Deep Dive Into Ballerina Runtime - Types I
Table of Content⌗
Background⌗
Every programming language has some kind of an in built type system. This is even applicable for those languages with dynamic type systems. For a compiler to function, these default types are essential.
Since ballerina is a statically typed language, Ballerina Native compiler defines a fairly descriptive in build type system.
In this small series of articles, we’ll explore the Ins and outs of it as well try to fix some open issues. Possibly #142 since it focuses on another important part of ballerina, semantic subtyping.
Semantic Subtyping⌗
A type system of a programming language is often defined using set of rules. At the core of this, subtyping plays a major role.
Subtyping plays a major role in OOP languages. In fact, it can be defined through OOP concept, polymorphism. According to Wikipedia, a subtype is essentially a datatype, which is related to another, by either semantically or syntactically.
Say there is a class called Cat. and that Cat inherits from class Animal. In this specific scenario, class Cat is a subtype of class Animal.
Now how can this be useful in the context of a compiler? Image the following function
float addFloats(float a, float b) {
return a + b;
}
above addFloats
function expects two floats as arguments an returns a float. But what happens if call addFloats
function like this,
addFloats(1, 2)
Here both parameters passed are integers. A compiler can approach this problem in multiple ways. one of which is to allow use of integers wherever floats are expected. Here, float is the super type and the int is the subtype. Therefore the subtype relation can be written as int <: flaot
.
the other approach is to use a generic interface, or a type that both flaot and integer are derived from.

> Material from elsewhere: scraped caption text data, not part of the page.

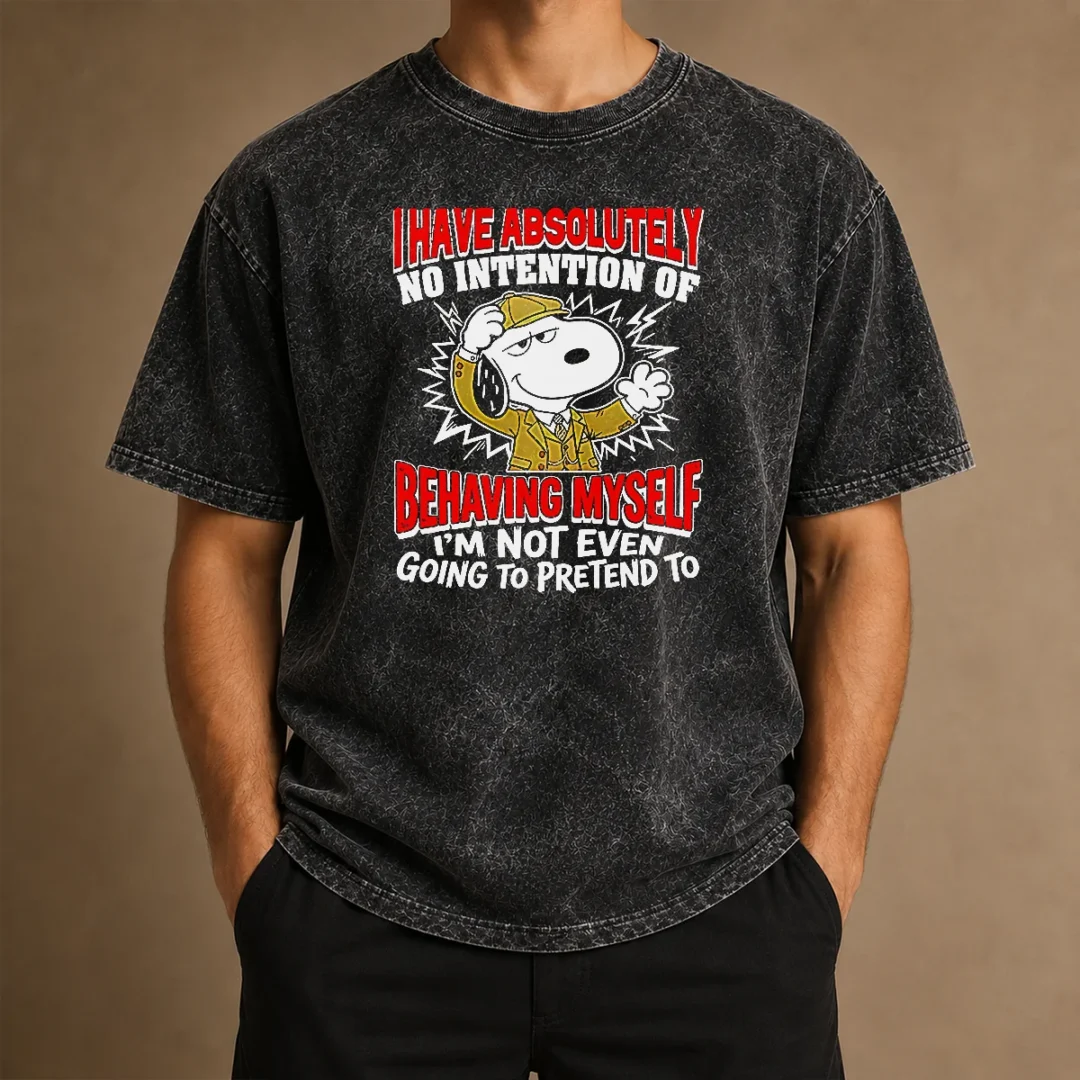 good-snoopy-i-have-absolutely-no-intention-of-behaving-myself-i-m-not-even-going-to-pretend-to-washed-t-shirt Good Snoopy I Have Absolutely No Intention Of Behaving Myself I'M Not Even Going To Pretend To printed on a soft washed t shirt in neutral tones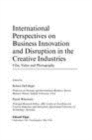 Image for International perspectives on business innovation and disruption in the creative industries: film, video and photography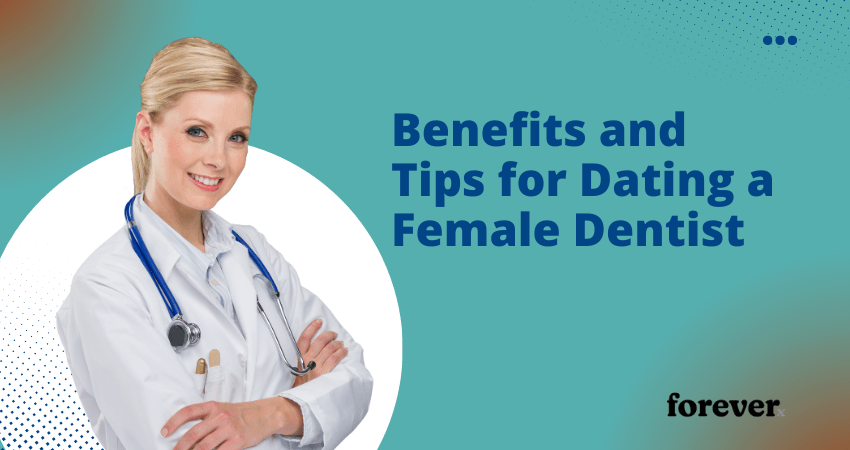 Benefits and Tips for Dating a Female Dentist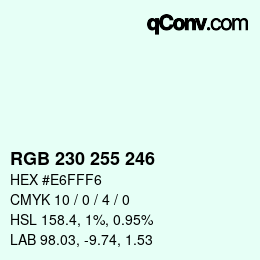 Color code: RGB 230 255 246 | qconv.com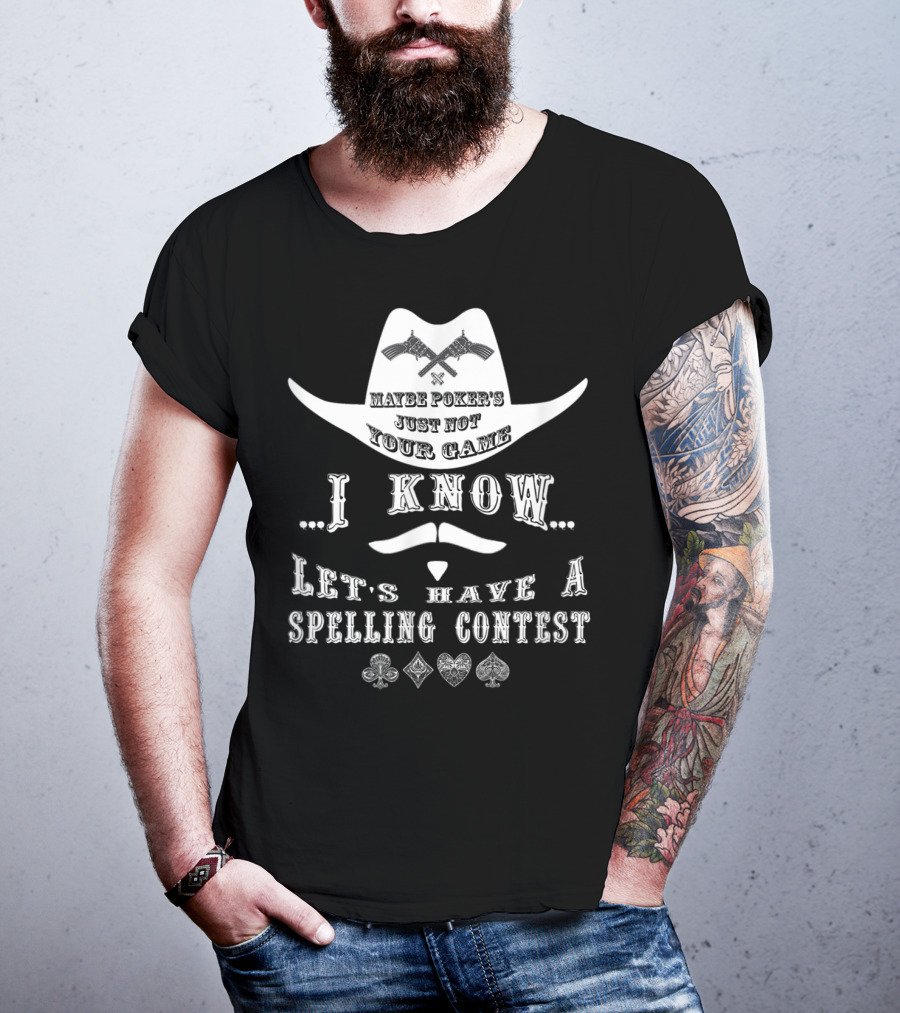 Doc Holliday Maybe Poker's Just Not Your Game I Know Let's Have A Spelling Contest T-Shirt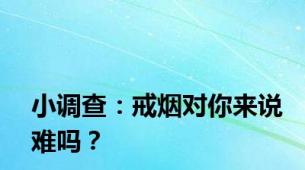 小调查：戒烟对你来说难吗？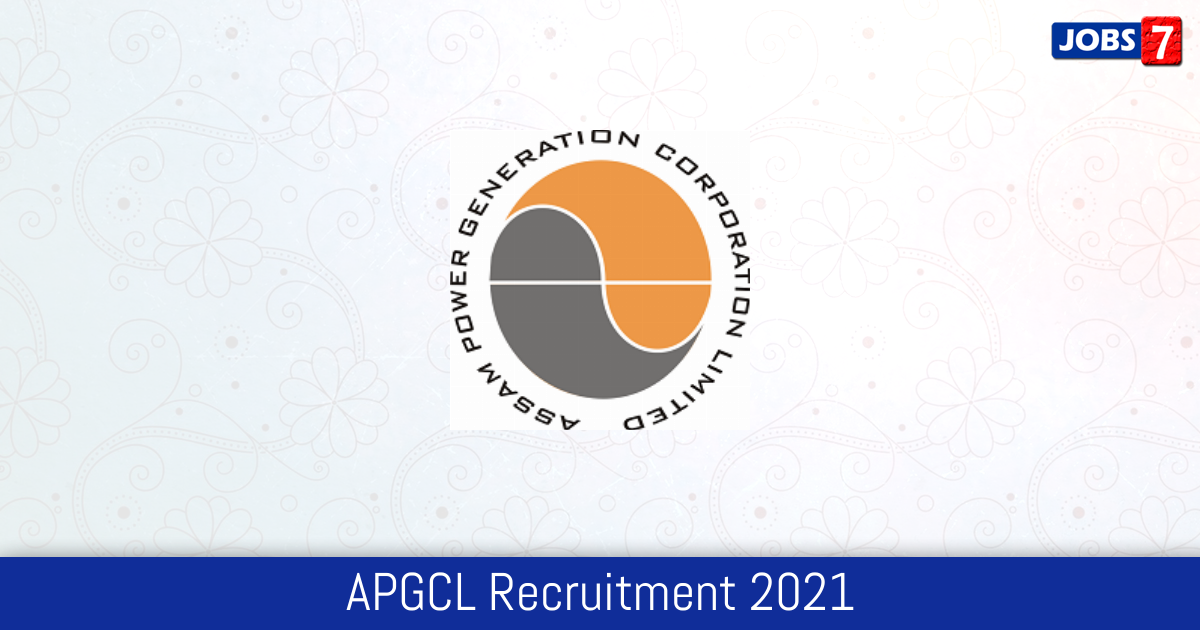 APGCL Recruitment 2024:  Jobs in APGCL | Apply @ www.apgcl.org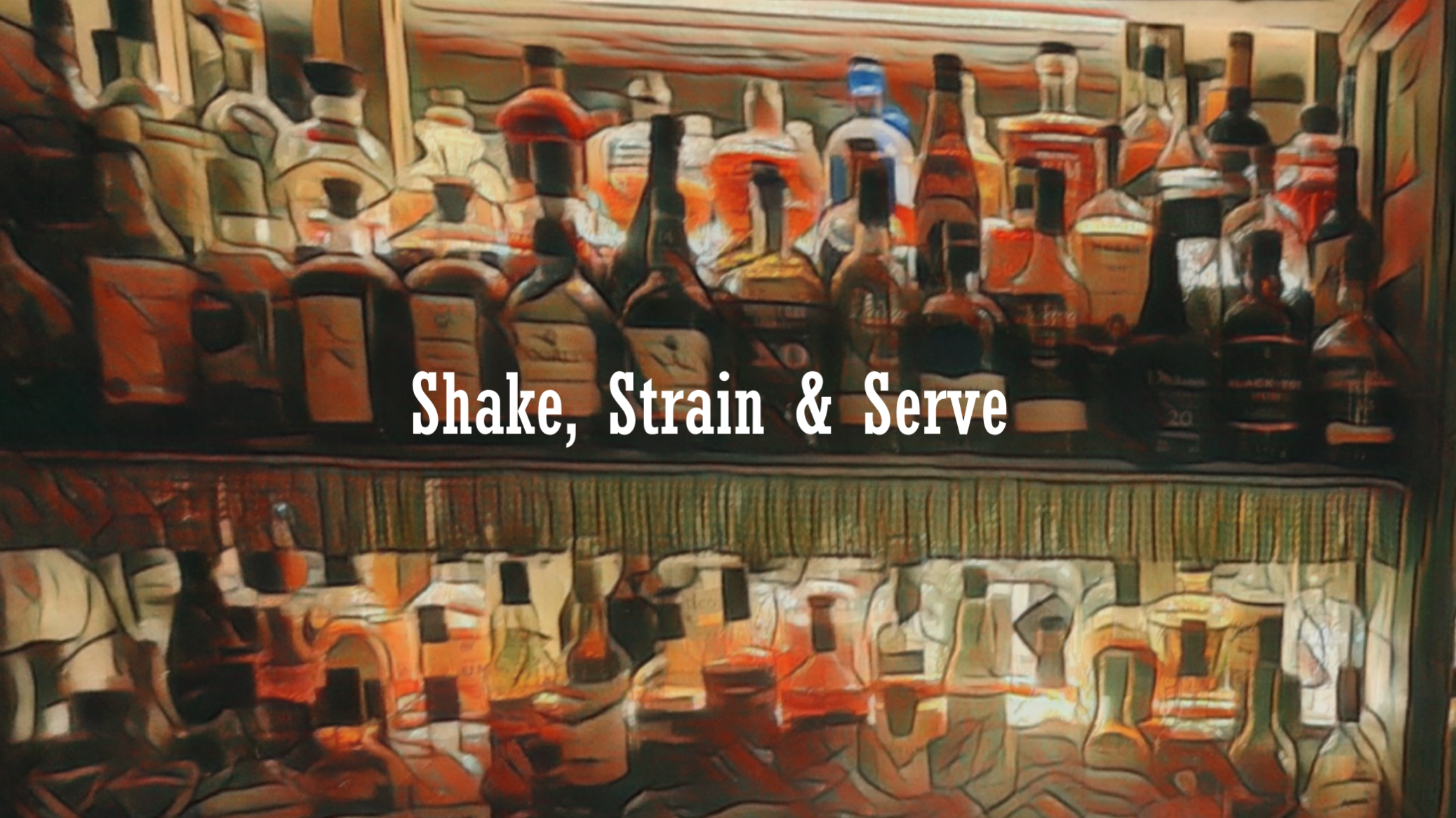 Shake, Strain & Serve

Number addFloats(Number a, Number b) {
return a + b;
}
here the super type is Number
and elements of both subtypes int
and float
can be passed as parameters to the function.
Semantic Subtyping implementation in Ballerina⌗
core.bal file contains some of the most important parts of the semantic subtyping implementation of the ballerina language.
Env
classed defined in that file is to be the base for each semantic type that is a subtype.
However what really caught me is the defintions of below records.
public type BasicTypeCode
BT_NIL|BT_BOOLEAN|BT_INT|BT_FLOAT|BT_DECIMAL
|BT_STRING|BT_ERROR|BT_TYPEDESC|BT_HANDLE|BT_FUNCTION
|BT_FUTURE|BT_STREAM
|BT_LIST|BT_MAPPING|BT_TABLE|BT_XML|BT_OBJECT
|BT_CELL|BT_UNDEF;
Here it defines a new type union called BasicTypeCode
with it can be one of the basic types.
type Atom RecAtom|TypeAtom;
type RecAtom int;
type TypeAtom readonly & record {|
int index;
AtomicType atomicType;
|};
type AtomicType ListAtomicType|MappingAtomicType|CellAtomicType;
Union type Atom
, which is defined above can be either of RecAtom
or TypeAtom
.
a RecAtom
is essentially another name for int
.
TypeAtom
, on the other hand is a record which describes, as the name implies, an atomic type.
type TypeAtom readonly & record {|
int index;
AtomicType atomicType;
|};
type AtomicType ListAtomicType|MappingAtomicType|CellAtomicType;
An atomic type in general, is a type that garantees I/O (to address space of the program) operations through a single instruction. Say for instance,
mov [rbp+4], 4
These types cannot be divided or filter out furthur. This means, these are the building blocks of all the types implemented in a language.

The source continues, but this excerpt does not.